Он помолчал немного, а затем, отмахивая такт помбалевой, длиною в саперный тесак, опасной бритвой, мрачно продекламировал:

 
Британец лошадь заменил железной тягой двигателя мощного,
Еще чуть-чуть, и разрешит проблему он зачатья непорочного.
И вот тогда родиться станут дети
Не под капустою, а в профсоюзном комитете.
 

«Бог знает, какая там инфекция у тебя в крови, – не унимался Помбаль; он как раз поставил ногу на биде и пытался совладать с неисправной подвязкой на жирной белой икре. – Ты же ничего не можешь сказать наверняка».

«Я писатель, – сказал Персуорден еще более гордо и чопорно. – И следовательно, уж сказать-то я в состоянии. В моих жилах крови нет. Плазма, – он перешел на жизнерадостные интонации обвинительного заключения, – вот что течет в моих венах. Как иначе справлялся бы я со своей работой? Подумай. Для “Спектейтора” я Ubique, для “Нью Стейтсмена” я Mens Sana. Если я пишу в “Дейли Уоркер”, я подписываюсь Corpore Sano. Я также Paralysis Agitans для “Таймс” и Ejaculateo Praecox[271]271
  Где бы ни, повсюду; здравый дух; здоровое тело; деятельный паралич; преждевременное семяизвержение (лат.).


[Закрыть]
для “Нью вёрс”. Я…» – Но тут вдохновение его оставило.

«Ни разу не видел, чтобы ты – и вдруг работал», – сказал Помбаль.

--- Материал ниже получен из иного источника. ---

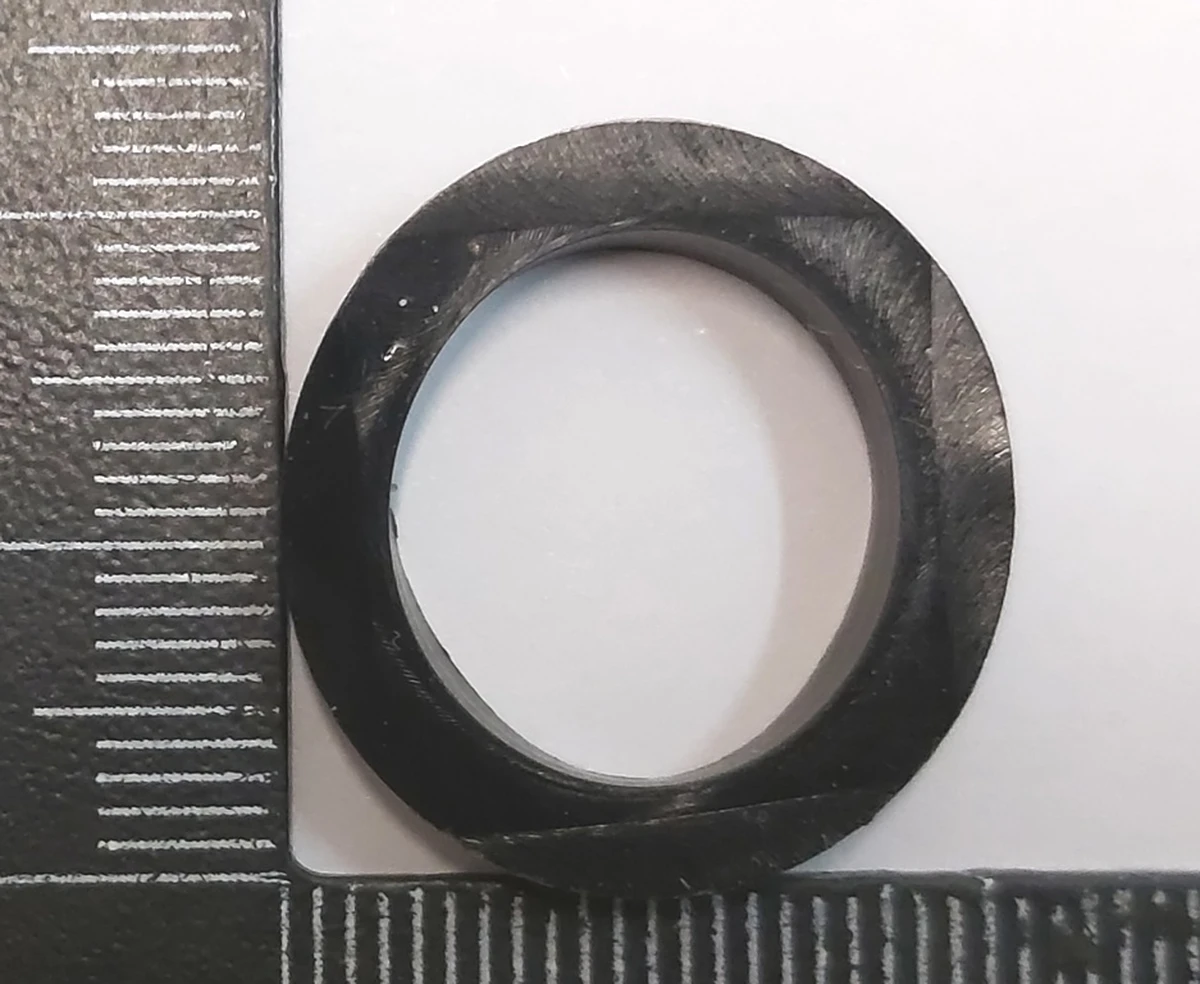 5 Кольцо уплотнительное датчика парктроника BLACK Tesla model S, model S REST, model X 1014395-00-A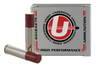 UNDERWOOD .500 S&W MAGNUM 700 GRAIN WIDE FLAT NOSE GAS CHECK HI-TEK COATED HARD CAST HUNTING AMMO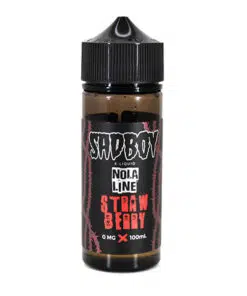 Sadboy Nola Line Strawberry Nola 100ml Eliquid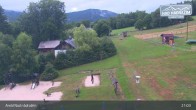 Archiv Foto Webcam Zelezna Ruda - Skiareal Nad Nadrazim 20:00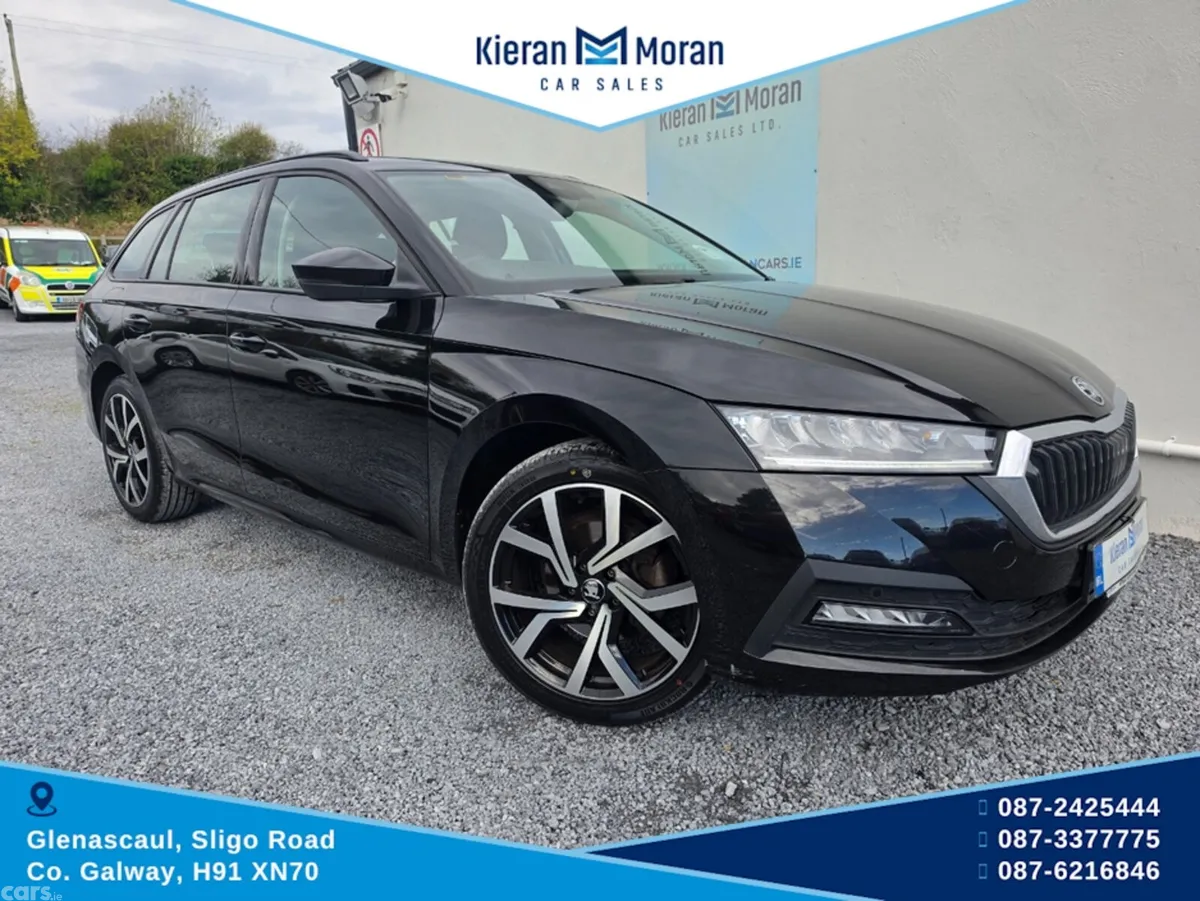 Skoda Octavia Estate, Diesel, 2024, Black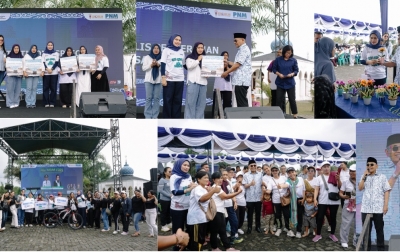 PT PNM Cabang Pematang Siantar Perkuat 500 UMKM Kabupaten Simalungun Lewat PKU Akbar
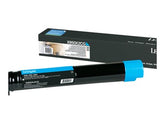 Lexmark Besonders hohe Ergiebigkeit - Cyan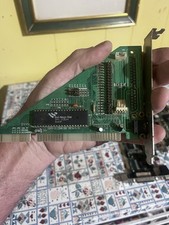 Vintage Sun Moon Star SMS-31094/96 ISA IDE Controller Card 16-Bit Retro PC picture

«Чем меньше я работаю, тем меньше зарабатываю. Если бы работа приносила мне больше сотни фунтов в год, я бы не смог уже с полным правом претендовать на непонятость». – Он взрыдал – сдавленно и весьма убедительно.

«Compris[272]272
  Ага, понятно (фр.).


[Закрыть]
. Ты снова пил. Я и бутылку видел, в коридоре, на столике. Не рановато ли?»

«Мне хотелось быть с тобою честным. В конце концов, это же твое вино. Я не хотел ничего от тебя скрывать. Я и выпил-то всего глоточек-другой».

«Есть повод?»

«А как же. Нынче вечером, мой дорогой Жорж, я собираюсь предпринять нечто меня недостойное. Я избавился от опаснейшего из врагов моих и существенно расширил занимаемый плацдарм. С профессиональной точки зрения есть повод ликовать. Вот я и собираюсь пригласить себя самого на торжественный ужин в собственную честь».

«А кто платит?»

«Сам я ужин сей и закажу, и съем, и оплачу».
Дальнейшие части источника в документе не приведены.